:: DATA SECTION ::

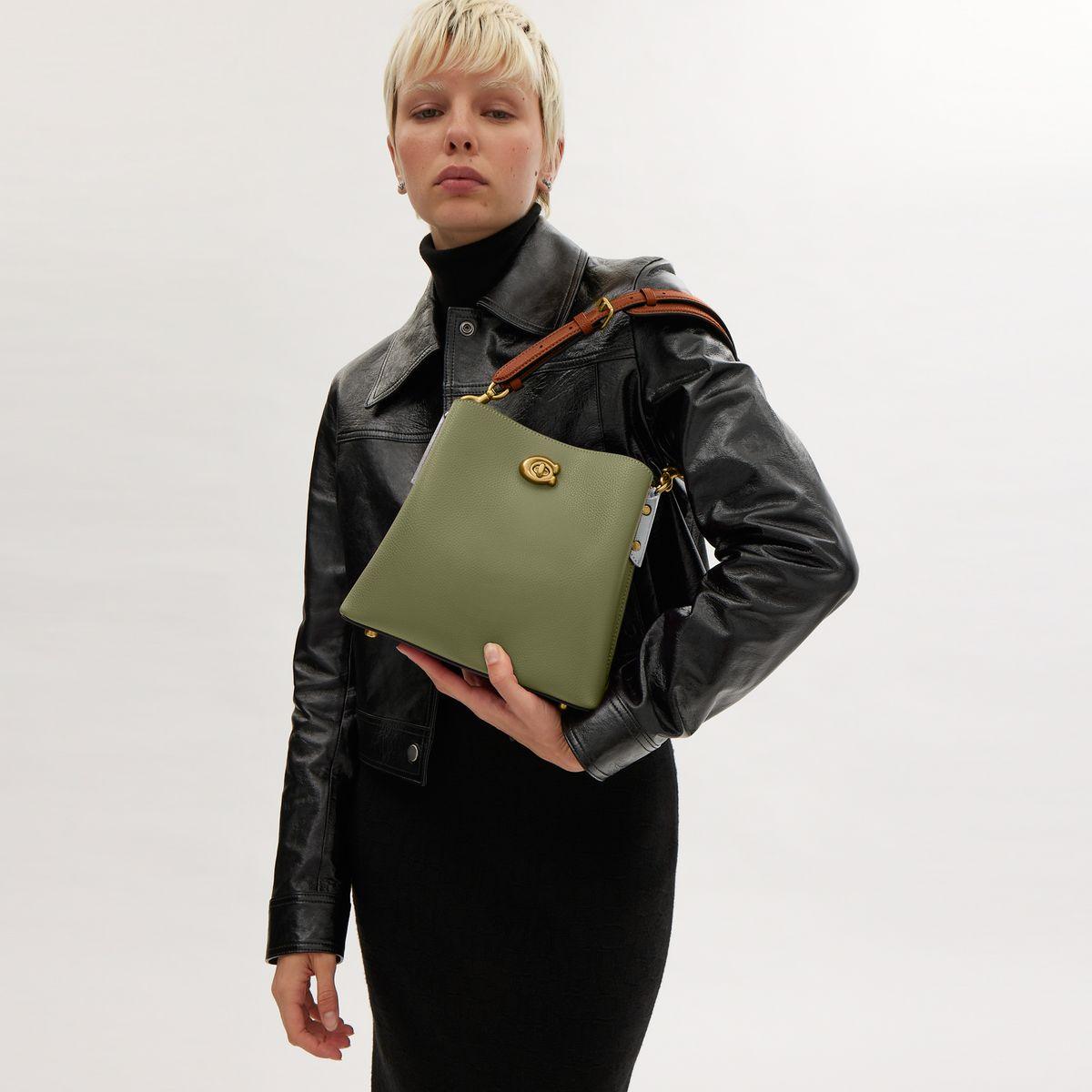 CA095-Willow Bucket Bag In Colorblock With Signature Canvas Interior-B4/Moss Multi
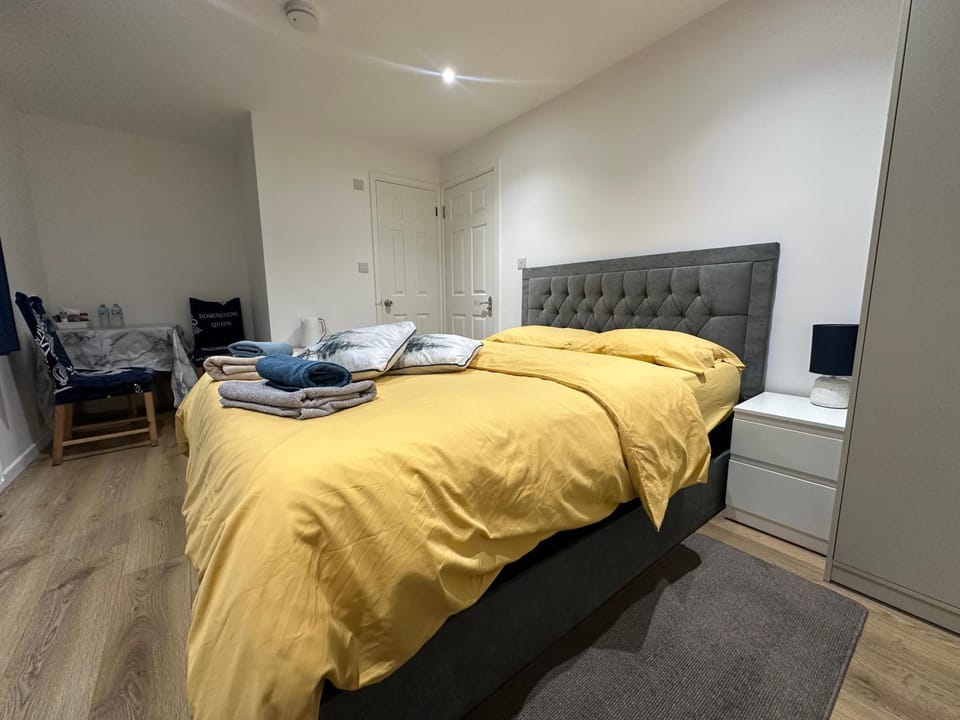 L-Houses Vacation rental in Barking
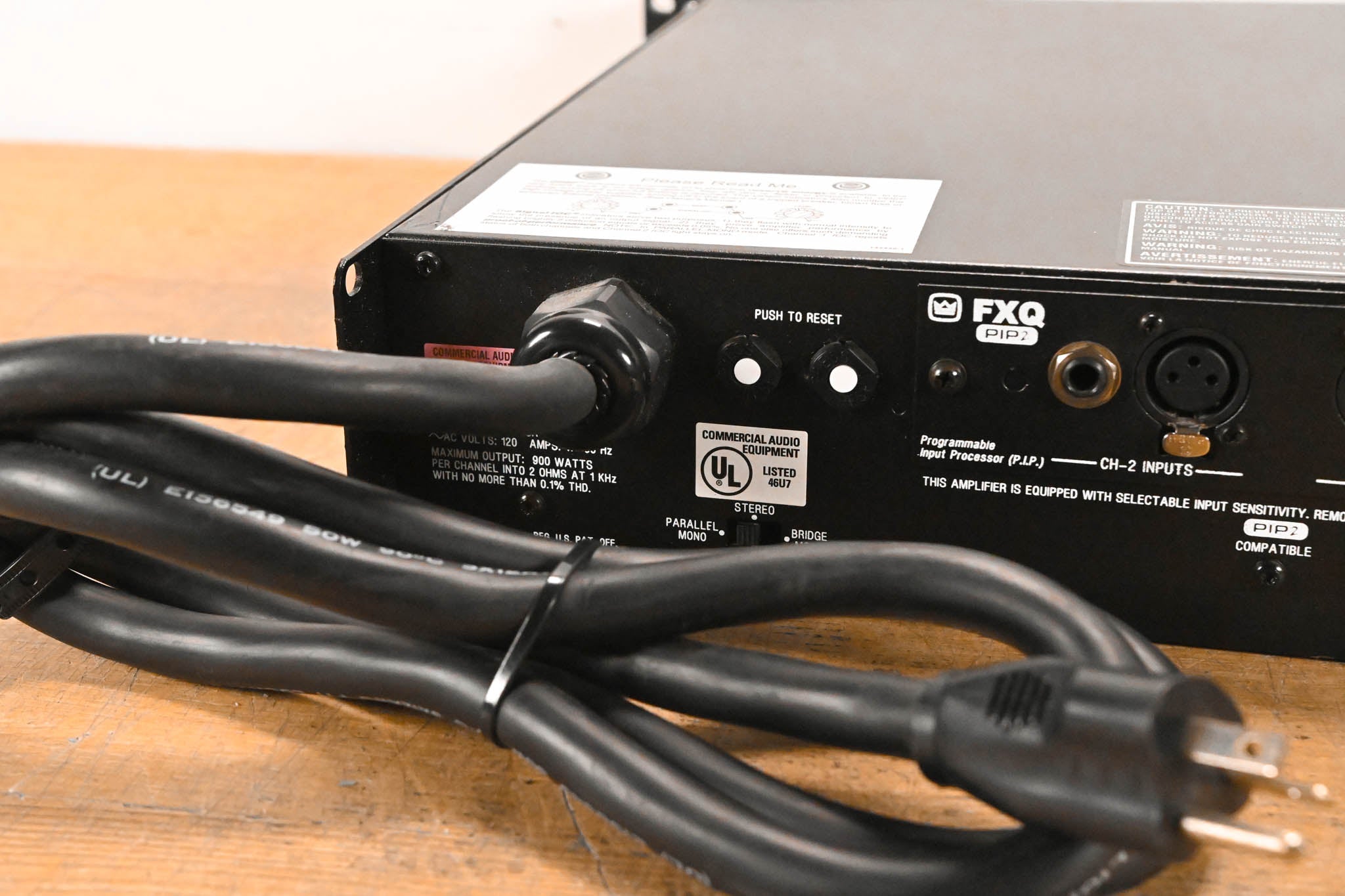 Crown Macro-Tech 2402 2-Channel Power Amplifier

:::
:: DATA SECTION ::

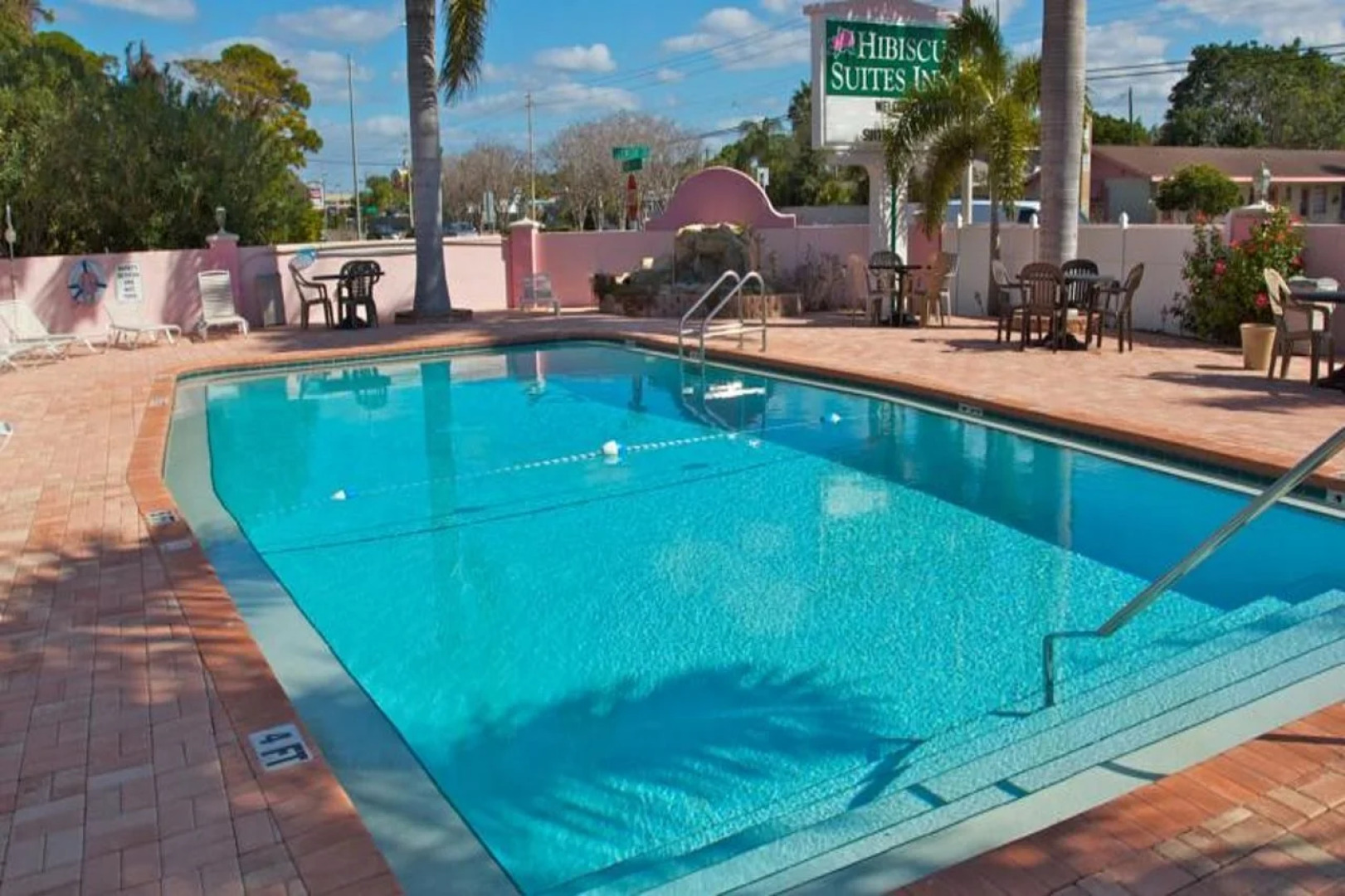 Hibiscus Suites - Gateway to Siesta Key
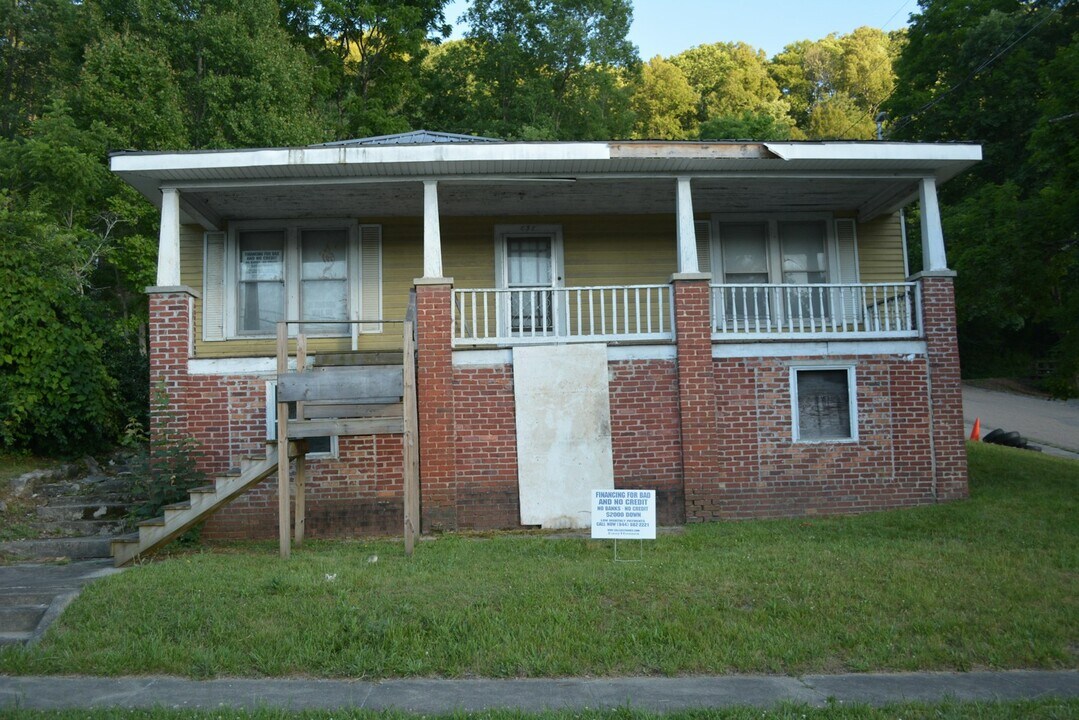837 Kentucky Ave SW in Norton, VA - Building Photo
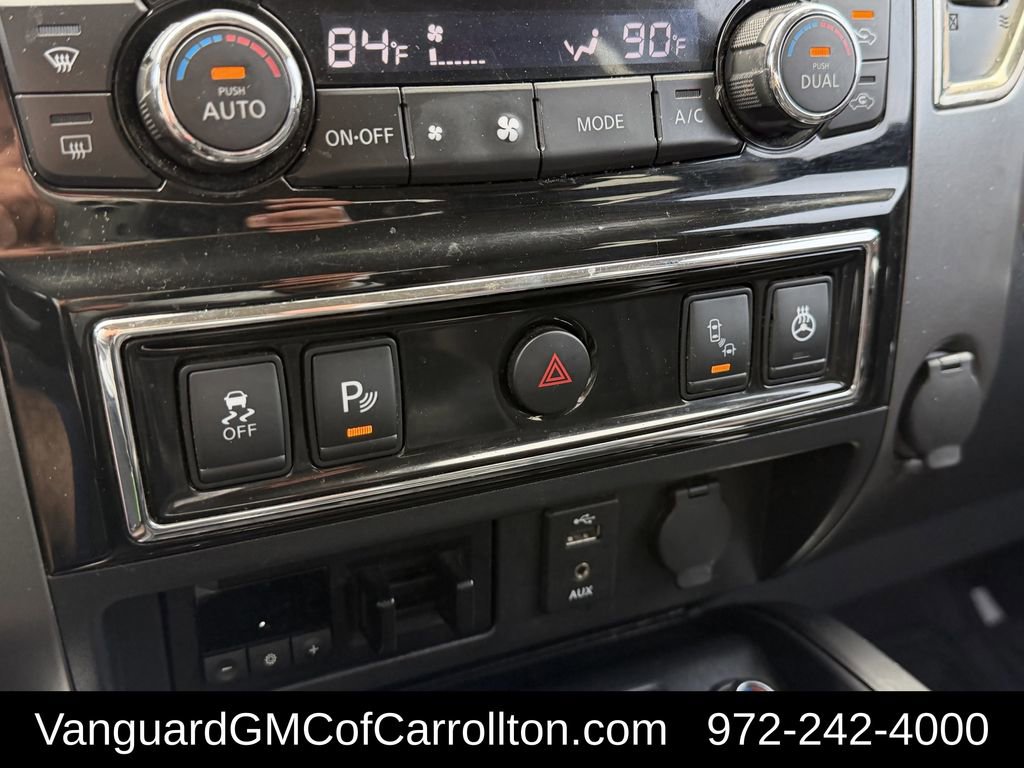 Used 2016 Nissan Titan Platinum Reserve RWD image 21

:::
:: DATA SECTION ::

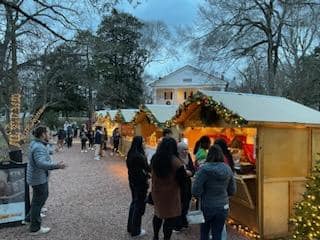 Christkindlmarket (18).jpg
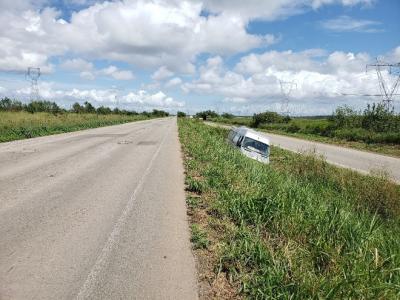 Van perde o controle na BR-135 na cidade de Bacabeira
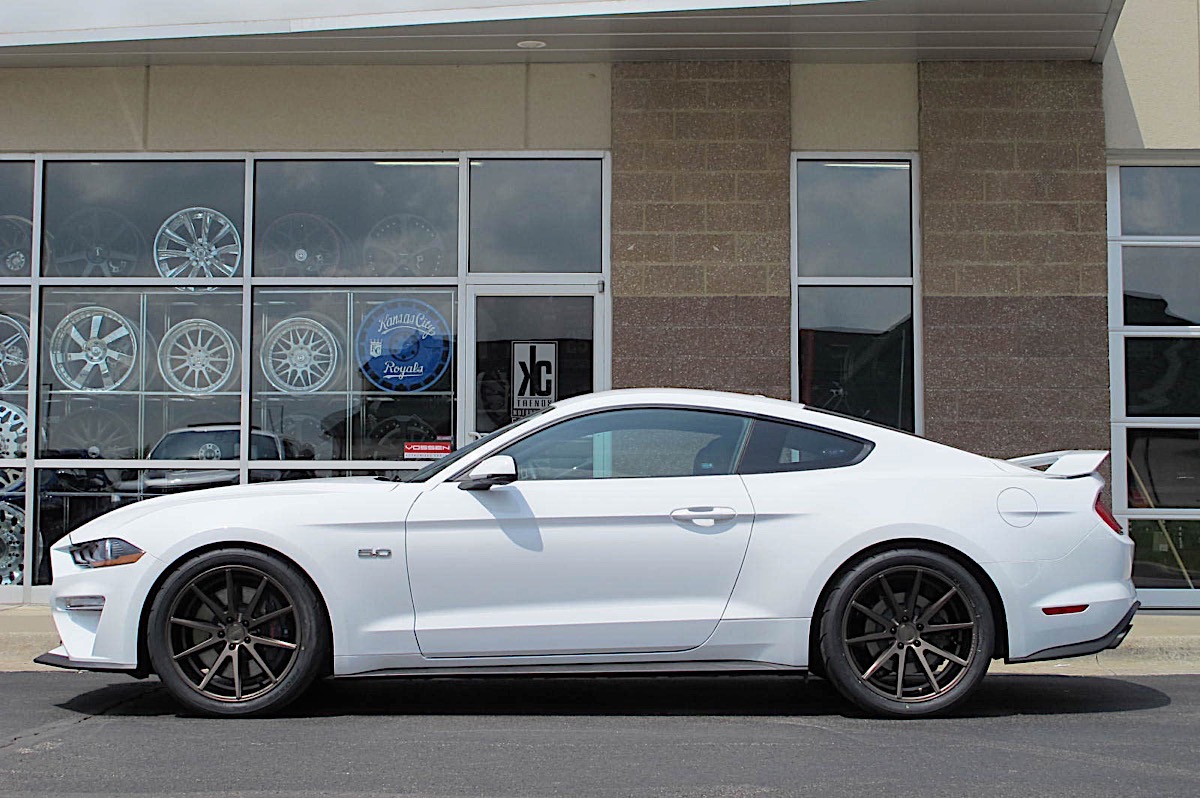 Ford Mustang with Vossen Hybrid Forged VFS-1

:::

▶ EXERCISE PROMPT: Above are the records. Copy word for word only their lines from the one holding "Van perde o" through the one holding "Ford Mustang with Vossen Hybrid Forged VFS-1", both included, and skip the images.

▶ SOLUTION TO THIS TASK:
 Van perde o controle na BR-135 na cidade de Bacabeira
 Ford Mustang with Vossen Hybrid Forged VFS-1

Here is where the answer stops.